The Risky Business Of Enterprise Investment Schemes

Published in Investing on 20 July 2009

EIS companies offer various tax benefits but they are still risky investments.

As touched on in previous articles, the Government does actually want you to invest in shares, and is so keen on the idea, the taxman will give you a whole host of income and capital gains tax reliefs. The catch? Well, you didn't seriously expect something for nothing did you?

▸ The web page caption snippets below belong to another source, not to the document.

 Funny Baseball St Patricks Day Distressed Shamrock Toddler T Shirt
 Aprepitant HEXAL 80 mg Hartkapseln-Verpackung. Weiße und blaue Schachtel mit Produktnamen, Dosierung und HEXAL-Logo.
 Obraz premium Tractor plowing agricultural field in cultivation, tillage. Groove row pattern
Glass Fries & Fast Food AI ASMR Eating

The catch is that, in order to benefit from the reliefs, you must make 'risky' investments, which kind of goes against the ethos of a savvy Foolish investor.

EIS schemes

Enterprise Investment Schemes (EIS) and Venture Capital Trusts (VCT) are similar types of tax-favoured investments, the major difference between the two being that EIS relief refers to investment in a specific company, and a VCT is an investment trust vehicle that itself invests in 'risky' companies. (I look at VCTs in more detail in this article)

Both reliefs offer income and capital gains tax (CGT) advantage, provided certain qualifying conditions are met, by both the individual investor and the investee company or fund.

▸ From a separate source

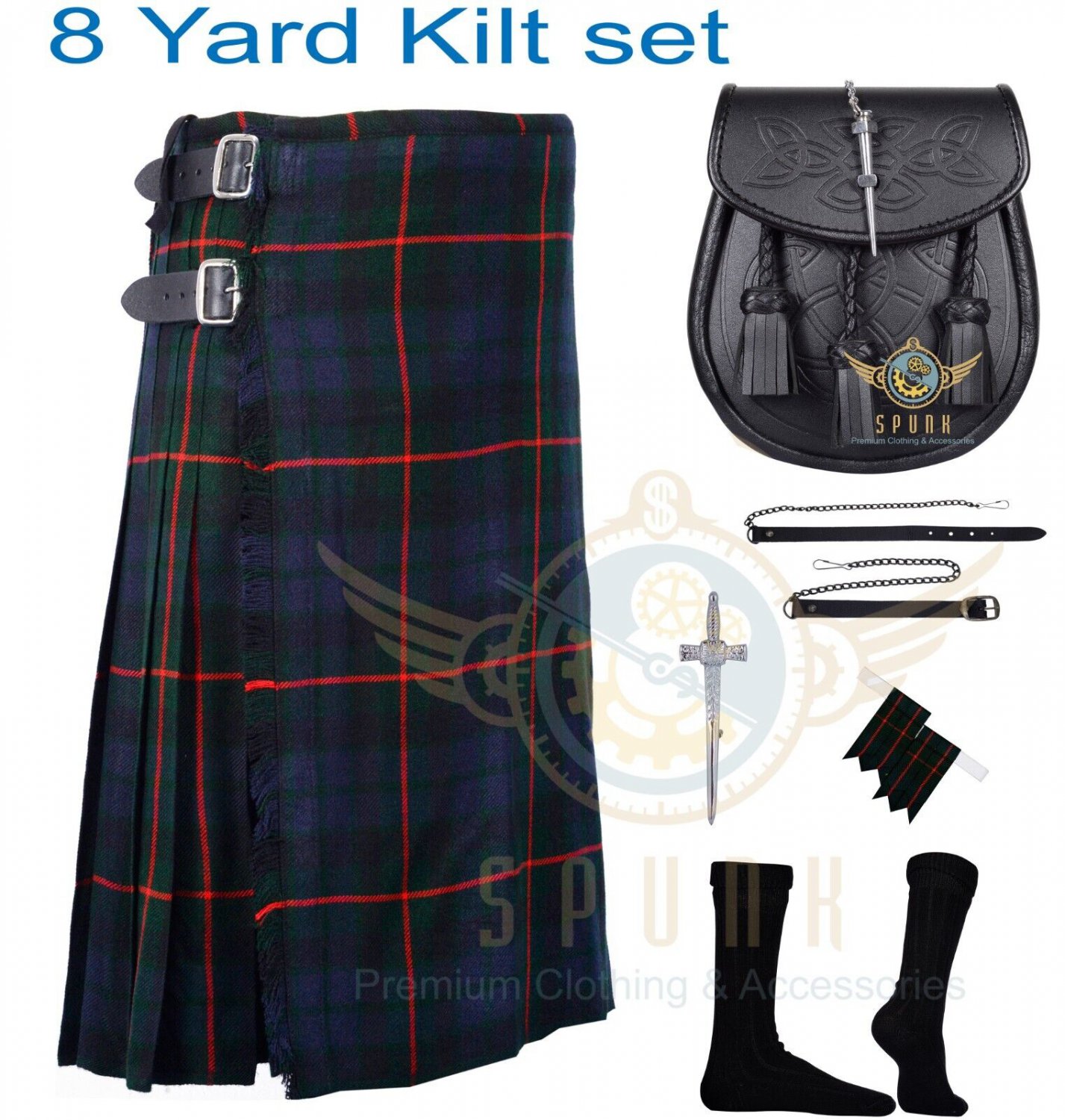 Highland Traditional gunn Tartan 8 yard Kilts For Men's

EIS is perhaps more commonly known, and offers more opportunities for tax relief, as detailed below.

The facts

Potential EIS investors must:

  • subscribe for ordinary shares (i.e. the shares have no preferential rights and are issued by the company, not purchased from a selling individual);

  • invest a minimum of £500 per company per tax year;

  • hold the shares for a minimum qualifying period (normally 3 years); and

  • not be 'connected' to the company, by way of employment or association or by owning 30% or more of the share capital (this does not apply for CGT deferral relief below)

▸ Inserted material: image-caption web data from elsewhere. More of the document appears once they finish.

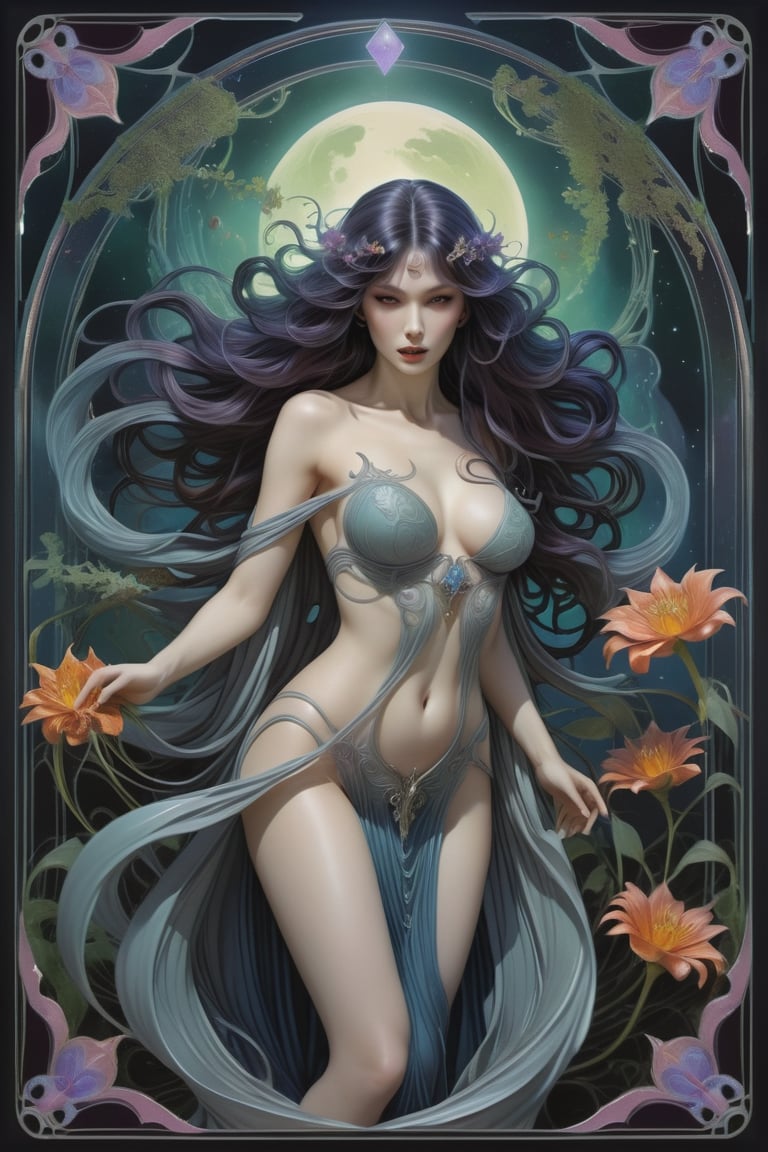 the ghostly wraith woman, a sexy sorceress, in a lustful pose, back view, perfect wavy hair, she is emerging from within a worm hole, she is surrounded by incredible alien flora, Yoshitaka Amano style, fantasy art nouveau tarot card style, (best quality,4k,8k,highres,masterpiece:1.2),ultra-detailed,(realistic,photorealistic,photo-realistic:1.37),dramatic lighting,vibrant colors,stunning details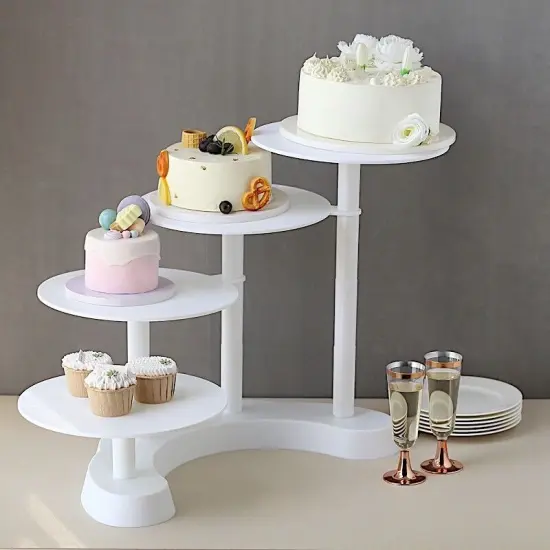 17" White 4 Tier Plastic CAKE STAND Pillar Design Cupcake Holder {3}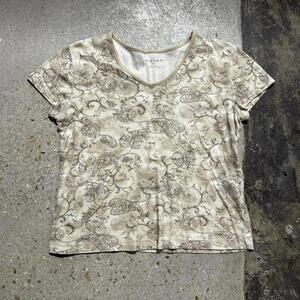 Vintage Y2K women’s Sonoma tan and cream patterned womens baby tee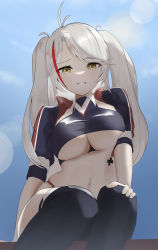 Rule 34 | 1girl, absurdres, azur lane, black legwear, breasts, clothing cutout, cropped jacket, cropped shirt, day, highres, hioblue, jacket, lens flare, long hair, looking at viewer, multicolored hair, official alternate costume, panties, panty straps, prinz eugen (azur lane), prinz eugen (final lap) (azur lane), purple jacket, race queen, red hair, red panties, sitting, smile, solo, streaked hair, teeth, two-tone hair, two-tone skirt, underboob, underboob cutout, underwear, white hair, yellow eyes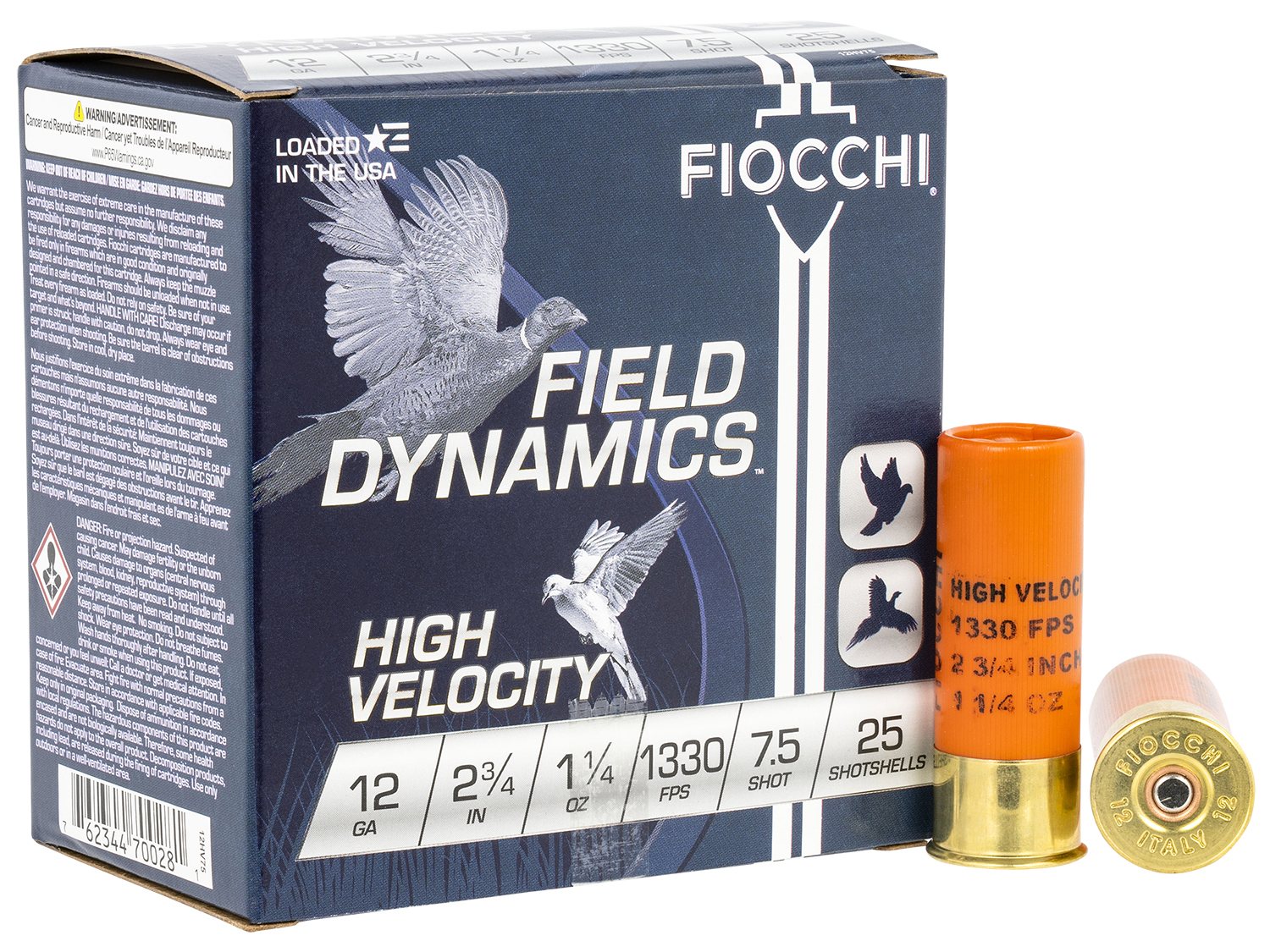 Fiocchi 12HV75 Field Dynamics High Velocity 12Gauge 2.75″ 1 1/4oz 7.5Shot 25 Per Box/10 Case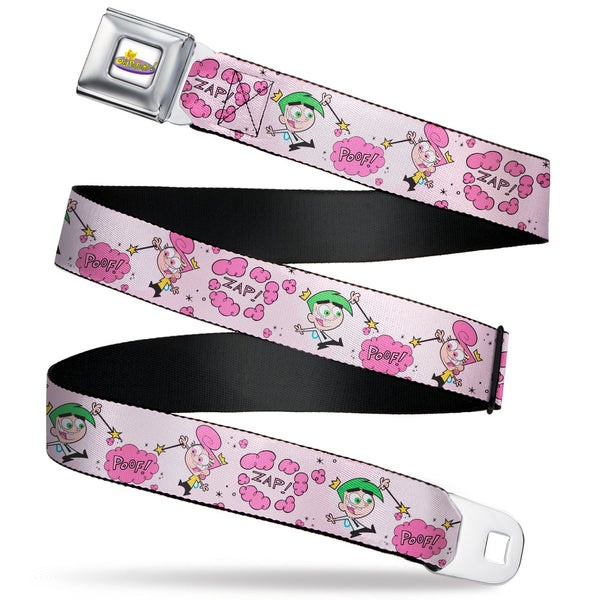 Buckle-Down THE FAIRLY ODDPARENTS Logo Full Color White Seatbelt Belt - The Fairly OddParents Cosmo and Wanda Wish Poses Pink Webbing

The EIS investee company must:

  • be unquoted (which includes AIM and PLUS shares);

  • have gross assets, or aggregate gross assets of the group, not exceeding £7m prior to investment nor £8m post investment;

  • have fewer than 50 employees and cannot have raised more than £2 million from Venture Capital Trusts, the EIS or the Corporate Venturing Scheme in the last year (ignoring transactions prior to April/July 1997);

  • be raising money for a business activity of a qualifying trade carried on wholly or mainly in the UK during the three years from when the shares are issued or, if later, three years from when the company commences to trade. Qualifying trades encompass all forms of trading except for certain prohibited businesses including dealing in land, financial activities, legal/accountancy services, property backed activities, shipbuilding, as well as coal and steel production; and

  • apply all the money raised by the issue of EIS shares in qualifying business activities within two years of the share issue, or where it is a new trade, within two years of the start date

Income Tax relief

Qualifying investments, up to a maximum of £500,000 will be eligible for income tax relief at 20%, giving a maximum of £100,000. This maximum is subject to the investor having a sufficiently large tax liability to absorb the relief, but amounts may be carried back to the previous tax year in order to ensure maximum relief is obtained.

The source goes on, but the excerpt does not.